Even as upsetting as being woken up abruptly in the middle of presumed danger can be, there is a funny side as well. There is comedy to imagining the large man leaping up, boxers askew, and falling from the bed. There is something very Dick Van Dyke about the idea of a possible night time pratfall.

Since the “HELLO?” incident, there have been a number of other events. And here, for your edification and amusement are just a few of the recent highlights:

One night I found her putting on her shorts. When I asked her where she was going, she said that Nana was coming for the babies. I told her it was midnight and she shrugged and came back to bed. I never found out why her mother was coming to take the babies away.


One night, I rolled over to get out of bed and visit the facilities when her arm shot out of the darkness and grabbed my wrist. “Shhhhhhh” she whispered, “can’t you see the spaceship?”

“No,” I whispered. Sometimes I find it fun to play along and see where it goes.

She raised her hand and pointed into the air, roughly in the direction of our ceiling fan. “It’s the red one,” she whispered ominously, “shoot it!” and then she promptly fell back to sleep.

One morning, my alarm went off at 3:30. I had to get a flight to Houston so I had to make sure I was awake on time. Before I could get up to turn off the alarm – really before the thing had had a chance to beep more than once or twice – she rolled over violently and slapped me right in the middle of the chest and said in a glorious deadpan: “Alarm!” As near as I can tell, my sternum must have been the snooze button.

Late one night, I hear an awful ruckus on Marcy’s side of the bed. We have two tall windows on either side of the bed. They are covered with standard, rental house vertical blinds. The cat likes to sit in the windows and peer through them at night. Sometime, if she sees a bug and attempts to skit it, this can cause the blinds to jostle and rattle. On this night, I hear the blinds rattling and I sit up, preparing to yell at the cat (a futile gesture if ever there was one) but it is not the cat, it’s Marcy.

She is bent over almost in half. Her hand is stuck in the blinds and is holding open a large hole to look through. Marcy’s face is hovering over the hole as she scans the neighbor’s house suspiciously. The blinds are a mess. It looks like she may have done this several times already.

“Sweetie,” I say carefully, “what’s going on?”

She steps back from the window and glares down at me. She looks to be near tears. “There are noises everywhere,” she said.

I laid there, my sleep-drunk mind wrestling briefly with the simple philosophical truth in the statement. “I think you are dreaming again,” I said.

“I swear I heard noises everywhere,” she said and she suddenly pulled open the blinds again and glared outside, daring the unseen but noisy ninja to present himself.

“Do you want me to go check it out,” I said.

“No,” she said, shoulders slumped as she got back in bed.
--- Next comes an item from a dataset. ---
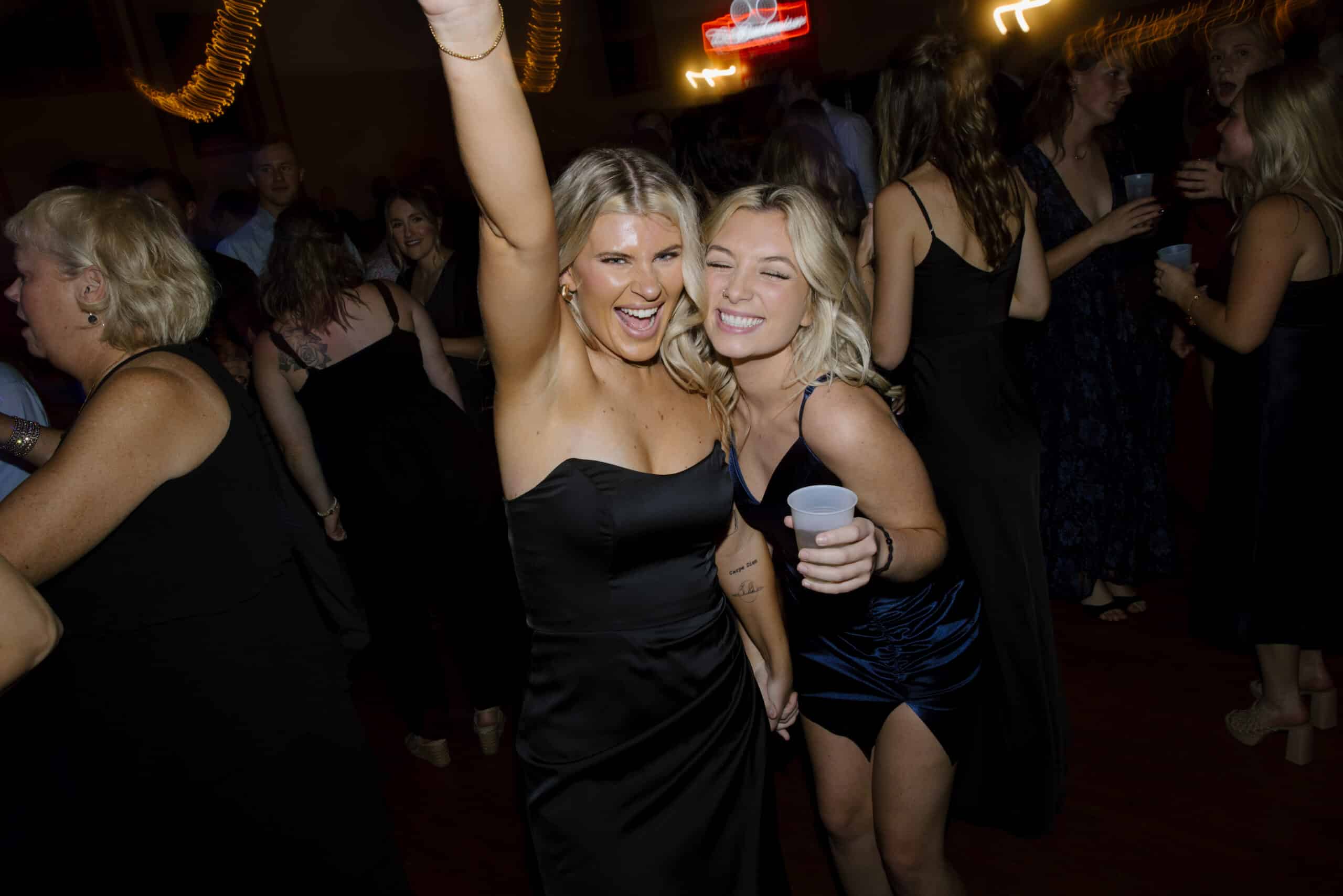 Women dancing at a party.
I could tell by her tone of voice that she was fully awake again and a little embarrassed and frustrated. “I already looked out of every window and checked all of the doors…and the back yard…and the garage.”
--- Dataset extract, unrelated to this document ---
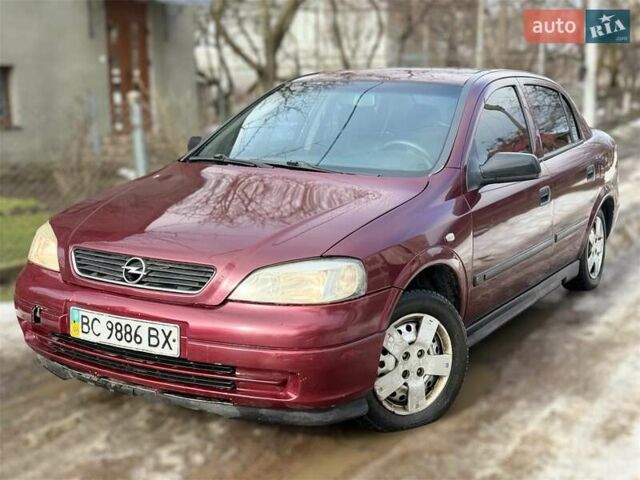 Красный Опель Астра, объемом двигателя 1.4 л и пробегом 250 тыс. км за 2400 $, фото 1 на Automoto.ua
In this one, I did not wake up because I was exhausted from not sleeping through the other nights, but according to Marcy, she had a nightmare one night that she had had a baby and brought it home and that it was sleeping in the bed with us.

She woke up in a panic because she suddenly could not find the baby. She was stripping the bedding off of her bed when she woke up and sheepishly covered me back up and went back to sleep.
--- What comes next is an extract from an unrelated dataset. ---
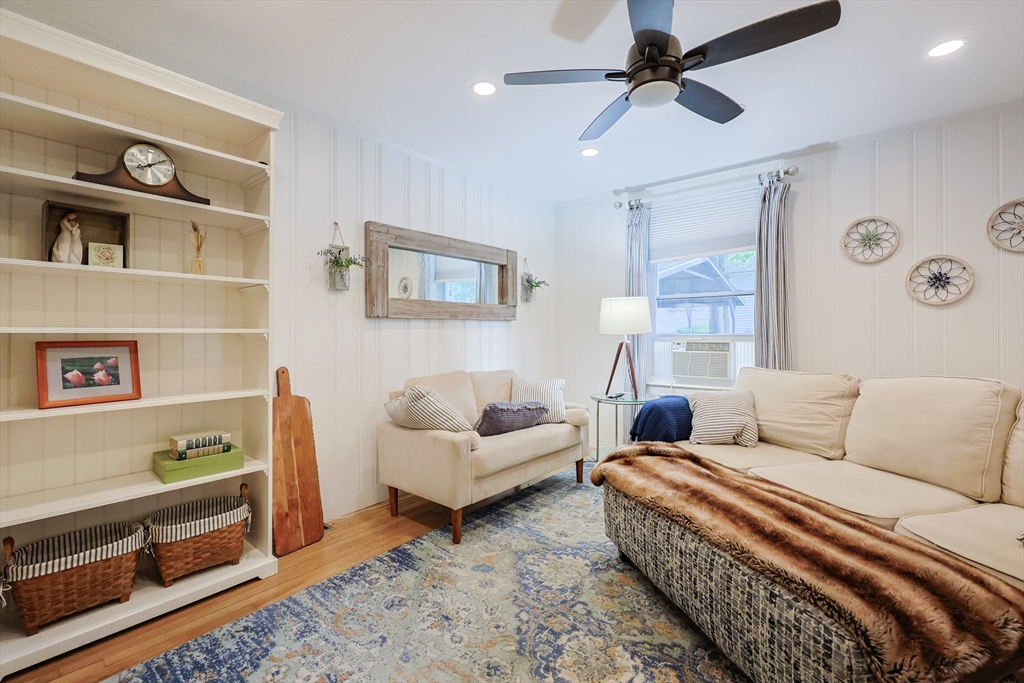 403 Main Street Clinton, MA 01510 - Photo 5 of 42 a living room with furniture and painting on the wall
Early yesterday, I woke up and was slipping out of bed, when Marcy rolled over and patted me gently on the back.

“Watch out for the animals out there,” she said happily, “there on a mission to exterminate everything.”

Like the other side effects that we have encountered, I hope that this one will fade away soon enough. I think that the both of us will need a few nights with full rest if we are to have the energy to run after our little dream babies.